Battles, much like the show, are equal parts performance, struggle, and awe. Shifts in power and control swing back and forth between players, and each match paints a beautiful rendition of each character’s best moments in action.
Combo breakers in other fighting games offer a fleeting respite from an opponent’s assault, resetting momentum while offering an opportunity to assume control. Not here. The only chance to breathe during a DBFZ match is when your opponent breaks through your guard. Not ideal.

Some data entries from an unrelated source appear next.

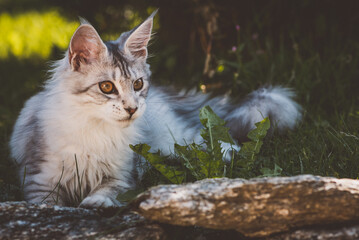 Junge Katze im Garten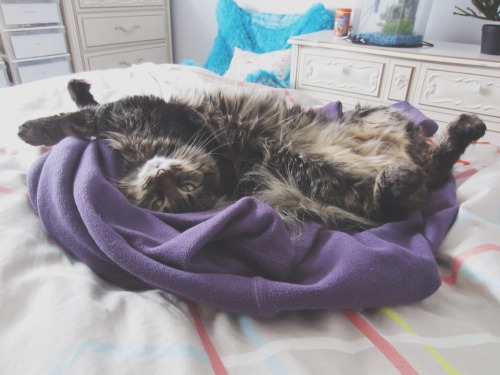 meowingthroughlife:So somehow I got to 100 followers?? Which is insane. Thank you to everyone!! Here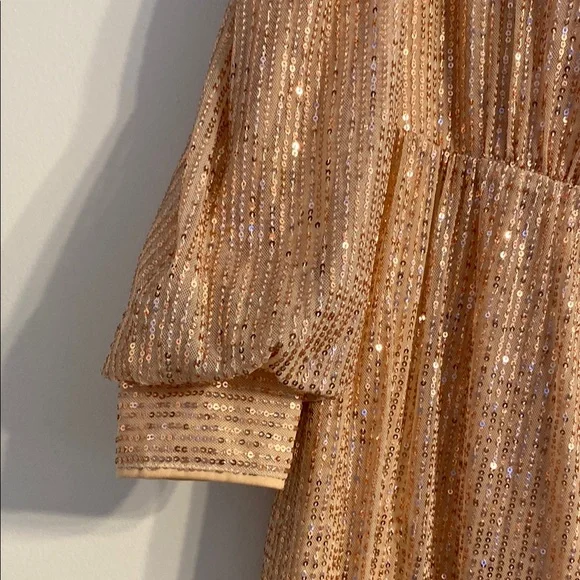 Elegant Gold Sequin Dress - Picture 5 of 8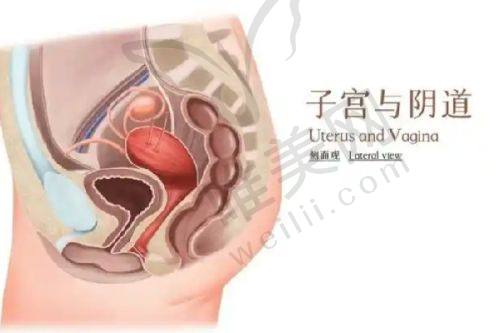 选择湖州林华整形的理由总结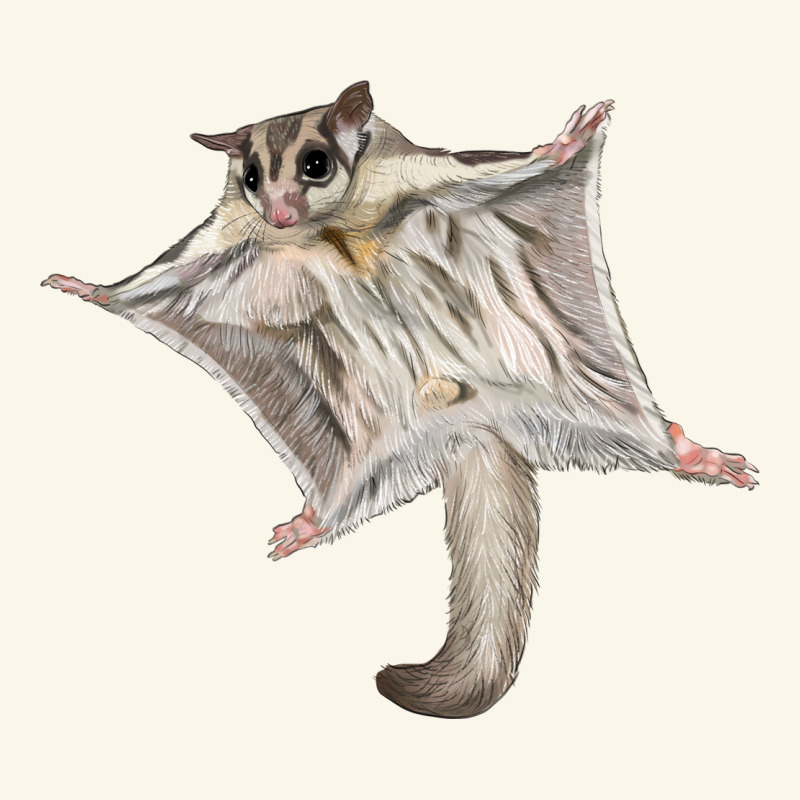Sugar Glider Premium Hoodie by LillyAllenDesigns | Teevron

In DBFZ, you don’t break combos, you make them. If you’re a fan of the show, you’ve probably had them mapped out in your head for years now. When an attack connects, fortunate circumstance and well-timed execution could be enough to eliminate one character’s entire health bar. The dreaded “touch of death” isn’t easily pulled off in the heat of battle, but the idea makes every input a risk. One player blocking a flurry of attacks is just as captivating to watch as the other successfully executing them. Enemies become instructors; competitors become friends. Within the framework of Dragon Ball, all combatants have something to fight for outside of victory: their own improvement.
Whether fan or fighter (or both), your input has never mattered more. You’re in control. Developer Arc System Works makes sure that you, player or spectator, are involved. DBFZ is becoming its own narrative, one kept alive by a thriving online community. Each tournament consists of these subplot rivalries embedded in real life, and while Dragon Ball isn’t about being number one, that mentality certainly helps characters drive the plot forward.

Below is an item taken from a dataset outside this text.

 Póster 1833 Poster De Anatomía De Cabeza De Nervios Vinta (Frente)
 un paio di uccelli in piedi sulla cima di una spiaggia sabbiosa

Battles in DBFZ take place somewhere between the life bars above and meter bars below. The game’s more than willing to cover nearly the entire interface during its most visually impressive moments, demanding all of your attention. Initially, illustrative fights take precedence over underlying gameplay systems, and thanks to the inclusion of auto-combos and dragon balls, it’s hard to imagine a fighting game better at onboarding onlookers.

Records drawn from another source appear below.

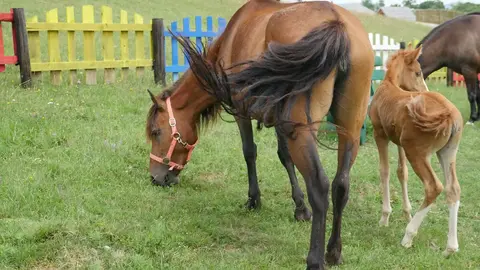 Horses on the farm
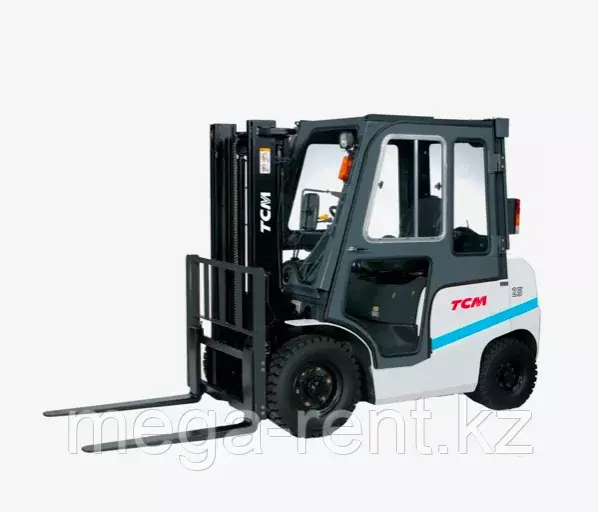 TCM FHD25, Мини-погрузчики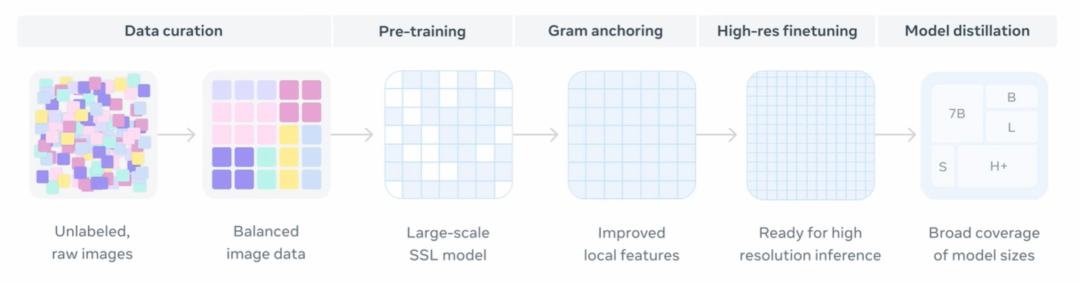 从数据整理(无标签原始图像、平衡的图像数据)、预训练(大规模自监督学习模型)、Gram Anchoring(改进的局部特征)、高分辨率微调(适用于高分辨率推理)和模型蒸馏(涵盖多种模型规模)。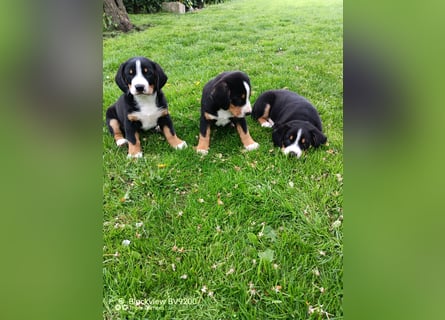 Entlebucher Sennenhund Welpen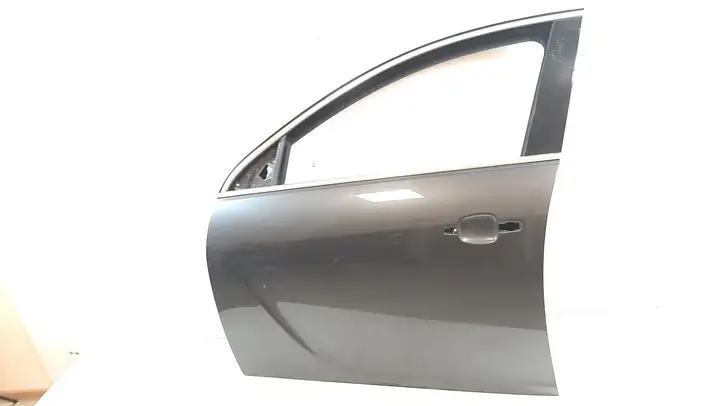 Opel Insignia A (2008 - 2017) Дверь — фото 1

The frenetic nature of Dragon Ball reverberates throughout each and every clash of characters. Among the chaos, DBFZ focuses more on improvised choreography instead of memorized series of inputs. The button patterns for ideal attack strings are there, for sure, but it’s not only your performance that dictates the outcome of the match, it’s your opponent’s reaction. Combatants have only a sliver of time (a handful of frames, really) to read their opponent. While the pros may not be physically teleporting around, they’re still actively making decisions at the same speed. It’s a fast game, and truly a sight to see when you’re not distracted by actually playing the damn thing.
There’s something percussive about beating the shit out of each other in DBFZ. The game sets an underlying rhythm and you take the lead. There’s a tempo to it all, and it crescendos into quick cinematics dripping with dramatic flavor — hopefully of your own doing. No player’s performance relies entirely on a single character’s set of moves, however, so chemistry among the team is necessary. Many dream-team scenarios may not work as well together as you’d think, but there’s always a feeling that you could make it work if you trained hard enough.
Six months gave DBFZ just enough time to establish rivalries. Six months gave the developers just enough time to introduce four (nearly six) new characters post-launch. Six months gave us all enough time to realize the depth of a long-awaited fighting game that goes beyond sentimentality, and seeing support for the game through EVO’s attendance numbers is exciting to say the least.
Sure, the producer might be handing out real-ass beans and dragon balls to victors of tournaments, but it’s just a testament to the love for Dragon Ball. Player engagement in this form is a wonder to behold. Alongside efforts by others (such as Blizzard’s Overwatch League), it’s nice to see developers actively seek to foster the esports scene.
Most fascination with fan service wanes in the face of high-level play. You start to see on-screen actions as inputs, not animations. With speed comes an inherent blurring of detail; the faster decisions are made mid-fight, the less you see the subtleties.
Fighters can’t afford to get caught up by the little things while playing, but viewers can — and that alone could make this year’s EVO one of the most entertaining to watch.